(Г.Кружков. «Пастушья сумка»)
Опубликовано в журнале Дружба Народов, номер 12, 2019
Григорий Кружков. Пастушья сумка. Стихи. — М.: Прогресс-Традиция, 2019.
Небольшой внешне, но чрезвычайно плотный сборничек вместил в себя избранные стихотворения Григория Кружкова более чем за полвека — с 1965 до 2018 года. Перед нами — далеко не полное собрание его сочинений: в каждом из разделов — стихотворения, выбранные автором из разных этапов жизни; разделы соответствуют не сборникам, выходившим прежде, а видимо, именно биографическим периодам (некоторые — совсем небольшие), смысл границ между которыми ведом только автору: «Луч дороги» (1965—1979), «На берегах реки Увы»1 (1976—1989), «Скамья в Тригорском» (1990—1994), «Назвался Одиссеем» (1995—1997), «Бегущие на ловца» (1998), «Вдогон её улыбке» (1998—2000), «Путешествие» (2001-2003), «Бирнамский лес» (2004—2007), «Поклон Эвклиду» (2008—2010), «Холодно-горячо»2 (2011—2015) и «Ночной киоск» (2016—2018).

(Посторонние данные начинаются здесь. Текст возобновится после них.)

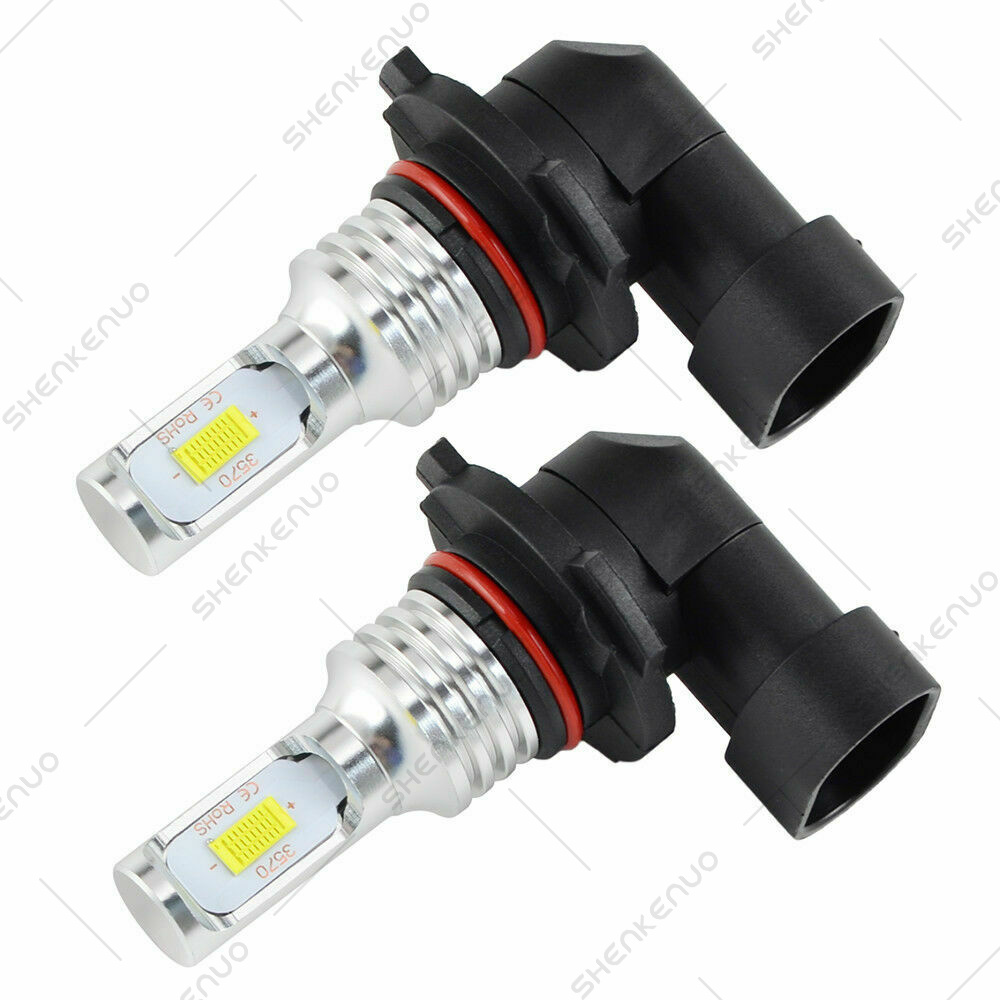 For KIA Sportage 20172019 LED Headlight 9005 HB3 White High / Low Beam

В целом, получилась внутренняя автобиография — взятая в наиболее важных её точках. Именно внутренняя, хотя выговоренная в значительной степени через внешнее и прожитая через восприятие многих эпох и культур.
Эта книга дает, пожалуй, наиболее полное представление о собственно поэтической стороне работы ее многоликого автора — много сделавшего и делающего и как переводчик, и как историк английской литературы и исследователь русско-английских культурных связей. Все эти его облики тоже здесь присутствуют, по крайней мере — облик переводчика: некоторые стихотворения — по всей вероятности, переводы (или маскируются под таковые. чтобы автор смело мог говорить чужими голосами?) — «Из Джона Донна», «Чёрный ангел (из Эудженио Монтале)». И точно ли Филипа Ларкина он переводит, рассматривая как бы его глазами «Могилу графов Арунделов в Чичестерском соборе»? А один свой поэтический «Сон» автор записывает «на обороте перевода из У.Б.Йейтса» (а предмета, заметим кстати, его особого исследовательского внимания3 ) — и буквы с лицевой стороны, разумеется, проступают. Говорит она, таким образом, и о чрезвычайной восприимчивости автора, и о принципиальной диалогичности его поэтической речи. «Упоминательная клавиатура» у него широчайшая — размером чуть ли не во всю историю европейской (да и не только!) словесности. Перед упоминаемыми он, впрочем, не испытывает никакого пиетета, общается с ними на равных («Боэций, друг мой ситный…») и вообще при любой возможности всячески забавляется с элементами их наследия («согласно позднейшей средневековой легенде, пересказанной Гёте, философ [Боэций. — О.Б.] умер на пожалованном ему Теодорихом Западно-Восточном диване»).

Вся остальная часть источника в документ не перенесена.